The following quote is also precisely relevant to the RS 2477 question: “Nothing passes a perfect title to public lands, with the exception of a few cases, but a patent. The exceptions are, where Congress grants lands, in words of present grant,” (Wilcox v. Jackson, 13 Pet. 498, 516 (1839). If a “present grant” can pass “perfect title” in land, then certainly a “present grant” can also pass a particular right in land as well. By the words “is hereby granted,” RS 2477 was nothing if not a “present grant.” And if a granted “perfect title” in land cannot be revoked by the granting sovereign, then neither can a granted right in land be revoked.

From the analysis above, it would seem conclusive that an express grant of “right-of-way” to “construct highways” over “unreserved public lands” cannot be revoked as Congress presumes to have done under the Federal Land Management and Policy Act of 1976. Accordingly, any passage way over unreserved public lands that a State might either construct or claim as a public “highway” is a valid sovereign claim of the State under the “complete, finished, and enforceable” RS 2477 grant. Highways over unreserved public lands which are claimed by a State are, therefore, physical manifestations of independent State sovereignty. Maintenance and use of these highways are, therefore, actions subject to sovereign State regulation and State law. Violations of State laws associated with State highways must be adjudicated in State courts. Accordingly, any action by Congress or a federal land agency to alter or direct the construction or use of a claimed State “highway” is a direct challenge to State sovereignty.

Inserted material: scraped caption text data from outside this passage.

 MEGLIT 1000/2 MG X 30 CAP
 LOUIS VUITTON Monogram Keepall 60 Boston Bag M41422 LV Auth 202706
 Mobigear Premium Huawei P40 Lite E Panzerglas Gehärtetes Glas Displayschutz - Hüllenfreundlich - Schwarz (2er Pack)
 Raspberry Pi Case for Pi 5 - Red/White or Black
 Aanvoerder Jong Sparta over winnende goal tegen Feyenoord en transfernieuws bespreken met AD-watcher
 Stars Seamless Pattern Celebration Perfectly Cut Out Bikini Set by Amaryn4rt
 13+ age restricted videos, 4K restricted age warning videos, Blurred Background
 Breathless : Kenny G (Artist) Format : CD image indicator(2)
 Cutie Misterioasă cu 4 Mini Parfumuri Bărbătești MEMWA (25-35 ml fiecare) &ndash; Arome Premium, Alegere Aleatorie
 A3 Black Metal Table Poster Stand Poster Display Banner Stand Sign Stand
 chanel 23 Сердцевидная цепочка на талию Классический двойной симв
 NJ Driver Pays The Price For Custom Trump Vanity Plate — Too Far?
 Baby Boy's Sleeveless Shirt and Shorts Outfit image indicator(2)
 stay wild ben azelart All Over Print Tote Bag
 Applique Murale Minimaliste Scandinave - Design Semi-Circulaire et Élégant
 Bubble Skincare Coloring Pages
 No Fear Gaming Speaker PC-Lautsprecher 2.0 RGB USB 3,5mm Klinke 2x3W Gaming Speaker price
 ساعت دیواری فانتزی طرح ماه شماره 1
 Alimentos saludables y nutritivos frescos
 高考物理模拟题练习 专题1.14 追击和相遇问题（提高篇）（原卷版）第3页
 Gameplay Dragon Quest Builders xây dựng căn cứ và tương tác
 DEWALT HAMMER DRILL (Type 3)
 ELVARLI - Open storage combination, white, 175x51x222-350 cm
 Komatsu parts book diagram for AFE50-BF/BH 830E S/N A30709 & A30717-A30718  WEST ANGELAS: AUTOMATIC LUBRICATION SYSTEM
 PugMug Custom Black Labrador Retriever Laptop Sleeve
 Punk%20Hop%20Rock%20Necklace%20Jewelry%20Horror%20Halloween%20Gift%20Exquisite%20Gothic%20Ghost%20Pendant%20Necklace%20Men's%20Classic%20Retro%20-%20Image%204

A San Juan County, Utah, commissioner and one county resident have recently been convicted of violating a road closure decision issued by the Bureau of Land Management. The road at issue is claimed by the County, a subdivision of the sovereign State, as a public highway. Apparently the sole question entertained by the court was simply whether the agency’s closure directive was violated. But there is a much more fundamental question which, apparently, has not been raised or litigated. That question is simply this: Does Congress possess the authority to strip the States of a granted sovereign right to build and declare public highways as the public need requires upon unreserved public lands? This is a question of greater than local interest. It is a question that goes to the heart of independent State sovereignty and constitutional federalism:

“Clearly, Congress could exact of the new State the surrender of no attribute inherent in her character as a sovereign independent State, or indispensable to her equality with her sister States, necessarily implied and guarantied (sic) by the very nature of the Federal compact. Obviously, and it may be said primarily, among the incidents of that equality, is the right to make improvements in the rivers, water-courses, and highways, situated within the State.” Withers v. Buckley, 61 US 84, (1857).